For characteristics of any investment: SYSTEM T Security (default risk) Yield (real or nominal, expected return) Spread (volatility of the market) Term (short, medium or long) Expenses or Exchange rate Marketability Tax
Discuss the the key aspects of cash on deposit.
- Cash on deposit
- Covers call deposits, notice deposits
and term deposits - Cash can be placed on deposit:
With the depositor having instant access to withdraw the capital deposited – call deposit – as short as overnight
With the depositor having to give a period of notice before withdrawal – notice deposit – form subset of term deposit
For a fixed term with no access to capital sum earlier than the maturity of the deposit – term deposit or fixed-term deposit – terms up to a year but can be longer
- Rate of interest paid by the borrower can be
Fixed for the term of the deposit
Fixed for an initial period
Variable from day to day
- Borrower may have to give notice of any change in interest rates
- Fixed term deposit at fixed-interest rate throughout the term – all cashflows are certain and known in advance
- Instant access or call account with variable interest – amounts and timing of cashflows will be completely unknown
Discuss the key aspects of the money markets.
- The money markets
- Types of instrument
- Characterised by being highly liquid and being short term (year or less)
- Treasury bills, certificates of deposit, commercial paper and bills of exchange
- Types of instrument
2.2. Key players in the money markets
Clearing banks
- Money markets dominated by clearing banks
- Use them to lend excess liquid funds and to borrow when need short-term funds
- These loans and deposits are very short term (often overnight)

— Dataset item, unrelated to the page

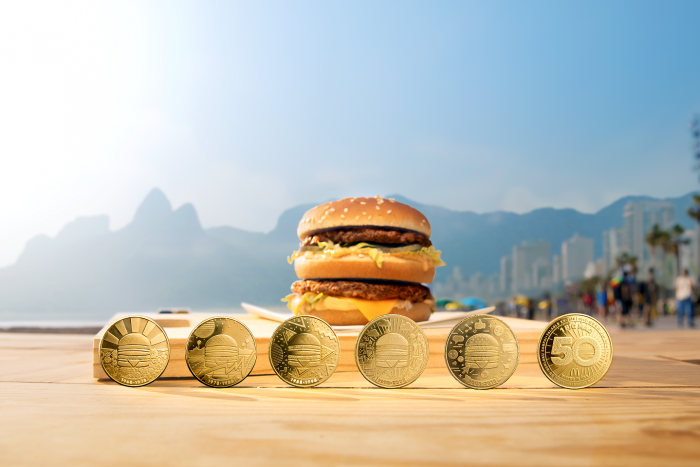 МакДональдз представляє лімітований випуск колекційних монет MacCoin для святкування 50-річчя Біг Мак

- Interbank rates usually taken as benchmark for short-term interest rates
Central banks
- Lenders of last resort
- Stand ready to provide liquidity to banking system when required
- Use their operations in the money markets to establish the level of short-term interest rates
- Central bank money market operations involve the sale or purchase of Treasury and other eligible bills
- When CB sells treasury bills it will receive cash from money market
- Makes cash scarcer and drives up interest rates
- When CB buy back treasury bills, it will pay out cash
- Reduces interest rates as interest rates represent price of using money
Other institutions
- Other financial institutions and non-financial companies also lend and borrow short-term funds in the money market
Discuss the investment characteristics of cash on deposit and money markets using SYSTEM T.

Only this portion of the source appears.